In addition to the currently available lifestyle approaches (such as moderate exercise, moderate and balanced nutrition, and sufficient rest and sleep), the search for additional novel biomedical means and technologies for healthy lifespan extension is warranted. Moreover, insofar as the deteriorative aging process either precipitates or lies at the root of chronic age-related diseases, the search for novel means and technologies for healthy lifespan extension necessitates the maximal possible amelioration of the degenerative aging process. Such amelioration of the aging process should lead to better health and quality of life for the elderly.[3] The possibility of therapeutic intervention into degenerative aging and the consequent significant healthy lifespan extension has been proven on both theoretical-biological grounds and experimental grounds in a variety of animal models. In particular, the ability of cell-based regenerative medicine, gene therapy, pharmacological therapy and nanomedicine to affect basic aging processes and extend healthy lifespan in animal models has been demonstrated, and even some encouraging preliminary results have been achieved in human experiments.[4] This possibility has also been conclusively proven by the existence of a large and continuously growing long-lived population, including centenarians and super-centenarians, that exhibit not only a high longevity potential, but also a reduced rate of age related diseases compared to the general population.[5]
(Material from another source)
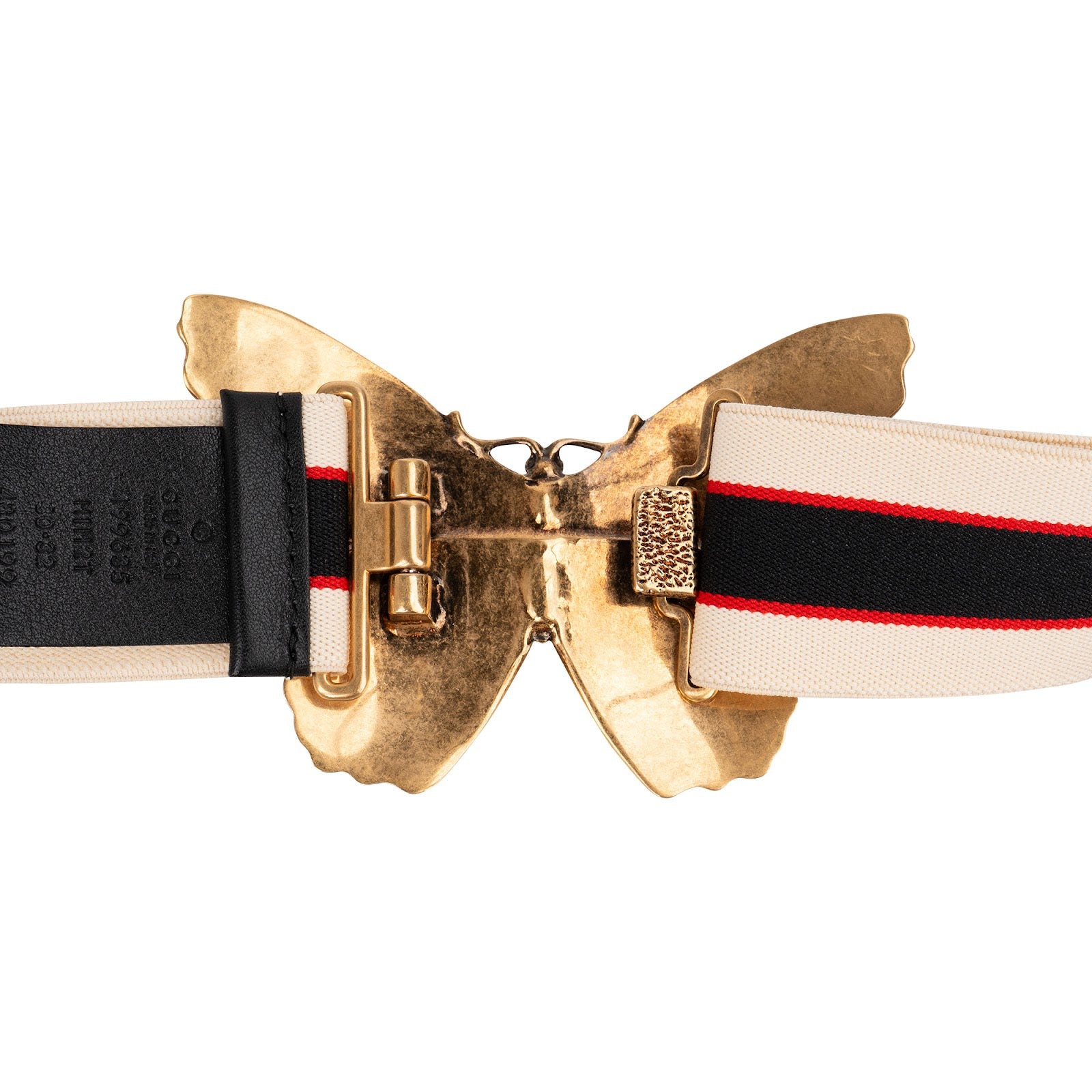 Gucci Multicolor Elastic Stoff Butterfly Buckle Web Gürtel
Yet the pathway toward human healthy lifespan extension remains unclear and requires thorough elaboration, concerning many scientific problems that need to be clarified and technologies that need to be developed. There is a tremendous variety of studies and approaches toward healthy lifespan extension, and roadmaps indicating priority directions.[6] Perhaps the most critical drawback in this variety is the lack of integration of the different approaches. The existing approaches often present lists of potential research directions, rather than coherent and coordinated entities. Hence the integration of the various approaches, shortening the pathways between the various disciplines, could be highly valuable for the fundamental and comprehensive understanding of aging and longevity, as well as for the further translation of this knowledge to practical integrative medical applications. Several important “gaps” may yet need to be “bridged” in the current variety of approaches to healthy lifespan extension.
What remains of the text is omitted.